__TASK OBJECTIVE__. Reproduce each of the entries that follow, exactly.

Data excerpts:
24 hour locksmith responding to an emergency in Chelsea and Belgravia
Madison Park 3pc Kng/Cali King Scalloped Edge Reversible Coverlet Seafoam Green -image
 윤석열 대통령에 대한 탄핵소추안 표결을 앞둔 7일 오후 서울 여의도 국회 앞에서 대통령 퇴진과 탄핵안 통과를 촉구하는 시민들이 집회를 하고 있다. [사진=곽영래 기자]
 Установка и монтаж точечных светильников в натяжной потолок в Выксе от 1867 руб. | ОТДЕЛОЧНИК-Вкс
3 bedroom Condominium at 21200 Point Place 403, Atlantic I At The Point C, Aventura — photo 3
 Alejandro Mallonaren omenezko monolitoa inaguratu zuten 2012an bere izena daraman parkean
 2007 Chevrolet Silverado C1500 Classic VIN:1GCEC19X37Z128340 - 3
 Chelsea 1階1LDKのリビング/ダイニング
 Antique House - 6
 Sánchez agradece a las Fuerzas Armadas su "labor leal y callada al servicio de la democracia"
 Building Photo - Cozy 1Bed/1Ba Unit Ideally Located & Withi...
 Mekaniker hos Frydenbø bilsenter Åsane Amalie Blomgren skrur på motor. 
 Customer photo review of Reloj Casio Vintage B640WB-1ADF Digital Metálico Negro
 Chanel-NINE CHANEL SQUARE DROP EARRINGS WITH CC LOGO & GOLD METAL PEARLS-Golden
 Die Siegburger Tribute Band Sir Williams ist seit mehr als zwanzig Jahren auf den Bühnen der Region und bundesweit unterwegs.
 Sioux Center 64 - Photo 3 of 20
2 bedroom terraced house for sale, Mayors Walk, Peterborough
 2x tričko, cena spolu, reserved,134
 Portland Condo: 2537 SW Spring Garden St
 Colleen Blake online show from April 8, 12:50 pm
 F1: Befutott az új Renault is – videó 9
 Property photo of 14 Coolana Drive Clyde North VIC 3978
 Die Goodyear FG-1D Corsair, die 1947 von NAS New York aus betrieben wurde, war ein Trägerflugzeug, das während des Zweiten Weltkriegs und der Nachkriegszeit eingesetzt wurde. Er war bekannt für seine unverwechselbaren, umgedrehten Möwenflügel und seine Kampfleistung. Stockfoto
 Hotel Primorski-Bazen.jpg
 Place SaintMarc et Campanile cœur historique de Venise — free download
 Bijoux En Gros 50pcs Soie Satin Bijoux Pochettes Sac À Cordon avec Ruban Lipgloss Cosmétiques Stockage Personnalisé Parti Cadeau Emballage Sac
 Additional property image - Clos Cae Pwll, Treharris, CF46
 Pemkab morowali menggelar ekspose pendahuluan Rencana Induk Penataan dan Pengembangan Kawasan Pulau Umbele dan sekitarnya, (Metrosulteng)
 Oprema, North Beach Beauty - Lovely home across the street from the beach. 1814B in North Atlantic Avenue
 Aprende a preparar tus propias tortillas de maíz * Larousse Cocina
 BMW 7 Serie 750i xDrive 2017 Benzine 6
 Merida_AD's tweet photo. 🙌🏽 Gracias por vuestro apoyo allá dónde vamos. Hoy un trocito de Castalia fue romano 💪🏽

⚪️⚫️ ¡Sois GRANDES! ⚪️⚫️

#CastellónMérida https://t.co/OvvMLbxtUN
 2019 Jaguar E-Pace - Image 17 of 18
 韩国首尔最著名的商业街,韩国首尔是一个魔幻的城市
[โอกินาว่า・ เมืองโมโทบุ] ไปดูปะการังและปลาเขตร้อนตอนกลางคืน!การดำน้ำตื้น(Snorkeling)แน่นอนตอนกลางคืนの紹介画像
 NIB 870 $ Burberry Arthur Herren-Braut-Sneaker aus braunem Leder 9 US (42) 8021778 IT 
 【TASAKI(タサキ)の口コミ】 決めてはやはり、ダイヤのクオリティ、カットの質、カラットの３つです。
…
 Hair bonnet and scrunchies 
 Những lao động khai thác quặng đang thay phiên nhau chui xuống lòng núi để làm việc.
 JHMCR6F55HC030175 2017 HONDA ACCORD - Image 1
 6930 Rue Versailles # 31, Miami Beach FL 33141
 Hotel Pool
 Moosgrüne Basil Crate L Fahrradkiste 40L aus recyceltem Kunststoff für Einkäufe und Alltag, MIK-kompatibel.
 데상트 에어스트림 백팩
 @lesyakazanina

__EXPECTED ANSWER__.
24 hour locksmith responding to an emergency in Chelsea and Belgravia
Madison Park 3pc Kng/Cali King Scalloped Edge Reversible Coverlet Seafoam Green -image
 윤석열 대통령에 대한 탄핵소추안 표결을 앞둔 7일 오후 서울 여의도 국회 앞에서 대통령 퇴진과 탄핵안 통과를 촉구하는 시민들이 집회를 하고 있다. [사진=곽영래 기자]
 Установка и монтаж точечных светильников в натяжной потолок в Выксе от 1867 руб. | ОТДЕЛОЧНИК-Вкс
3 bedroom Condominium at 21200 Point Place 403, Atlantic I At The Point C, Aventura — photo 3
 Alejandro Mallonaren omenezko monolitoa inaguratu zuten 2012an bere izena daraman parkean
 2007 Chevrolet Silverado C1500 Classic VIN:1GCEC19X37Z128340 - 3
 Chelsea 1階1LDKのリビング/ダイニング
 Antique House - 6
 Sánchez agradece a las Fuerzas Armadas su "labor leal y callada al servicio de la democracia"
 Building Photo - Cozy 1Bed/1Ba Unit Ideally Located & Withi...
 Mekaniker hos Frydenbø bilsenter Åsane Amalie Blomgren skrur på motor. 
 Customer photo review of Reloj Casio Vintage B640WB-1ADF Digital Metálico Negro
 Chanel-NINE CHANEL SQUARE DROP EARRINGS WITH CC LOGO & GOLD METAL PEARLS-Golden
 Die Siegburger Tribute Band Sir Williams ist seit mehr als zwanzig Jahren auf den Bühnen der Region und bundesweit unterwegs.
 Sioux Center 64 - Photo 3 of 20
2 bedroom terraced house for sale, Mayors Walk, Peterborough
 2x tričko, cena spolu, reserved,134
 Portland Condo: 2537 SW Spring Garden St
 Colleen Blake online show from April 8, 12:50 pm
 F1: Befutott az új Renault is – videó 9
 Property photo of 14 Coolana Drive Clyde North VIC 3978
 Die Goodyear FG-1D Corsair, die 1947 von NAS New York aus betrieben wurde, war ein Trägerflugzeug, das während des Zweiten Weltkriegs und der Nachkriegszeit eingesetzt wurde. Er war bekannt für seine unverwechselbaren, umgedrehten Möwenflügel und seine Kampfleistung. Stockfoto
 Hotel Primorski-Bazen.jpg
 Place SaintMarc et Campanile cœur historique de Venise — free download
 Bijoux En Gros 50pcs Soie Satin Bijoux Pochettes Sac À Cordon avec Ruban Lipgloss Cosmétiques Stockage Personnalisé Parti Cadeau Emballage Sac
 Additional property image - Clos Cae Pwll, Treharris, CF46
 Pemkab morowali menggelar ekspose pendahuluan Rencana Induk Penataan dan Pengembangan Kawasan Pulau Umbele dan sekitarnya, (Metrosulteng)
 Oprema, North Beach Beauty - Lovely home across the street from the beach. 1814B in North Atlantic Avenue
 Aprende a preparar tus propias tortillas de maíz * Larousse Cocina
 BMW 7 Serie 750i xDrive 2017 Benzine 6
 Merida_AD's tweet photo. 🙌🏽 Gracias por vuestro apoyo allá dónde vamos. Hoy un trocito de Castalia fue romano 💪🏽

⚪️⚫️ ¡Sois GRANDES! ⚪️⚫️

#CastellónMérida https://t.co/OvvMLbxtUN
 2019 Jaguar E-Pace - Image 17 of 18
 韩国首尔最著名的商业街,韩国首尔是一个魔幻的城市
[โอกินาว่า・ เมืองโมโทบุ] ไปดูปะการังและปลาเขตร้อนตอนกลางคืน!การดำน้ำตื้น(Snorkeling)แน่นอนตอนกลางคืนの紹介画像
 NIB 870 $ Burberry Arthur Herren-Braut-Sneaker aus braunem Leder 9 US (42) 8021778 IT 
 【TASAKI(タサキ)の口コミ】 決めてはやはり、ダイヤのクオリティ、カットの質、カラットの３つです。
…
 Hair bonnet and scrunchies 
 Những lao động khai thác quặng đang thay phiên nhau chui xuống lòng núi để làm việc.
 JHMCR6F55HC030175 2017 HONDA ACCORD - Image 1
 6930 Rue Versailles # 31, Miami Beach FL 33141
 Hotel Pool
 Moosgrüne Basil Crate L Fahrradkiste 40L aus recyceltem Kunststoff für Einkäufe und Alltag, MIK-kompatibel.
 데상트 에어스트림 백팩
 @lesyakazanina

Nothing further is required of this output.